_Brief_: Set down the records exactly as they stand, except for any pictures, which you should omit.

Start of Records supplied

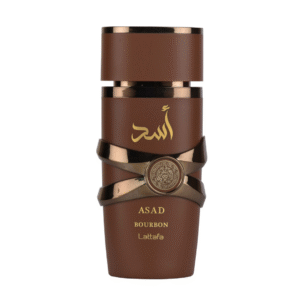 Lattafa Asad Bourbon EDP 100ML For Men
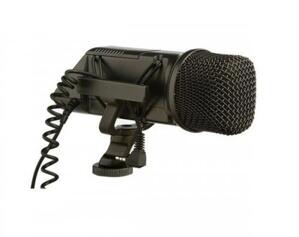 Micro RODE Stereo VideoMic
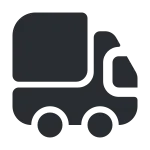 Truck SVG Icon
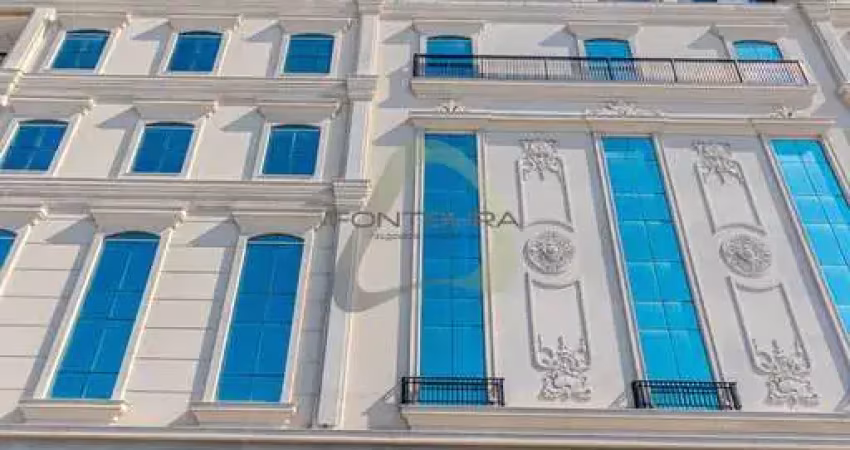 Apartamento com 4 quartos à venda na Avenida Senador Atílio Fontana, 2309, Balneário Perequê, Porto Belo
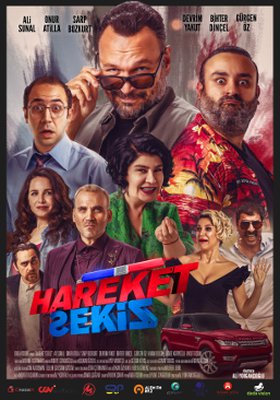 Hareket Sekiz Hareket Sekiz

End of Records supplied

_Your solution_:
 Lattafa Asad Bourbon EDP 100ML For Men
 Micro RODE Stereo VideoMic
 Truck SVG Icon
 Apartamento com 4 quartos à venda na Avenida Senador Atílio Fontana, 2309, Balneário Perequê, Porto Belo
 Hareket Sekiz Hareket Sekiz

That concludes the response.